Raising Chicago

For the first twenty years of the city’s history the streets became impassable in wet weather, water stood in stagnant pools and basements flooded with every rain. At best the lack of drainage constituted an intolerable nuisance, at worst a serious menace to health.
There were many jokes about the muddy situation in Chicago. Here are a few of them:
A sign found on wagon abandoned in one of early Chicago’s muddy streets:
The shortest route to China.
And another sign:
No bottom here
A gentleman who, passing by a street, discovers a man buried up to his shoulders in mud. The gentleman asks the man, “Can I help you?”“No, thank you,” the man replies, “I have a good horse under me.”
In 1855 the city council decided that the streets should be raised to a level of four to fourteen feet above the lake. This meant adding several feet of earth under the existing structures. The process took more than 20 years to complete and was accomplished by literally raising the city. Buildings were lifted up by “dozens of men turning dozens of jacks in unison so that new foundations could be built underneath.”
The task of raising Chicago was best reported by the Chicago Press & Tribune in their 20 March 1860 issue:
The entire front of first-class buildings on the north side of Lake Street between La Salle and Clark streets is now rising to grade at the rate of about twelve inches per day. It will be at its full height by tomorrow night, when it will constitute a spectacle not many of our citizens may see again, if ever, a business block covering nearly one acre, and weighing over twenty-five thousand tons resting on six thousand screws, upon which it has made an upward journey of four feet and ten inches. Probably its parallel enterprise cannot be be found the world over. It will be worth seeing tomorrow, and the contractors are, we learn, preparing to accomodate the public and give them an opportunity of looking and passing in among the forest of iron screws.

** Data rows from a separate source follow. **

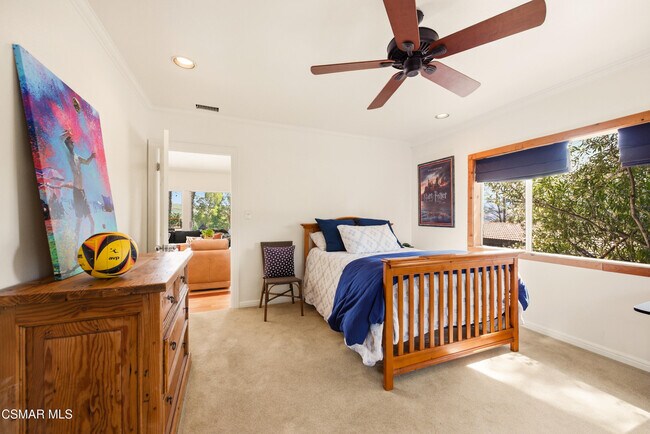 Building Photo - 6110 Colodny Dr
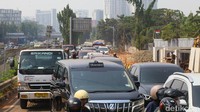 Lalin Jalan RA Kartini, Lebak Bulus, Jakarta Selatan, macet pada hari Senin (14/8/2023) pukul 10.15 WIB.  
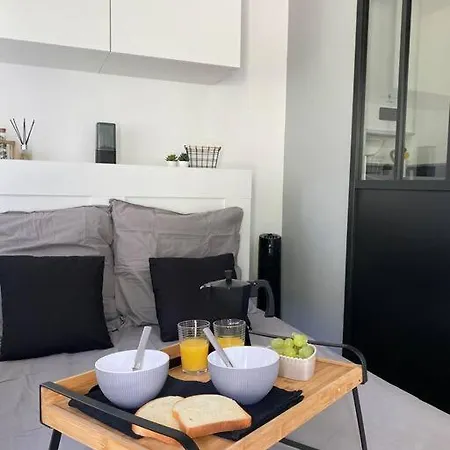 Petite Maison Dans La Prairie Marmeaux Exterior foto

Raising buildings to the new street level became a major occupation. Visitors found the operation as fascinating as the packing houses and grain elevators, their usual subjects of interest.
David McCrae, a Scotish traveler, wrote a two-volume work, The Americans at Home, after his 1867 visit to North America. He wrote:
Great blocks of masonry in some parts of the city have been lifted up from four to fourteen feet. The Brigg’s House, a gigantic hotel, was rasied four and a half feet, and new foundation built below. The people were in it all the time, coming and going, eating and sleeping–the whole business of the hotel preceeding without interruption. The Tremont House, another large hotel, was lifted the same way.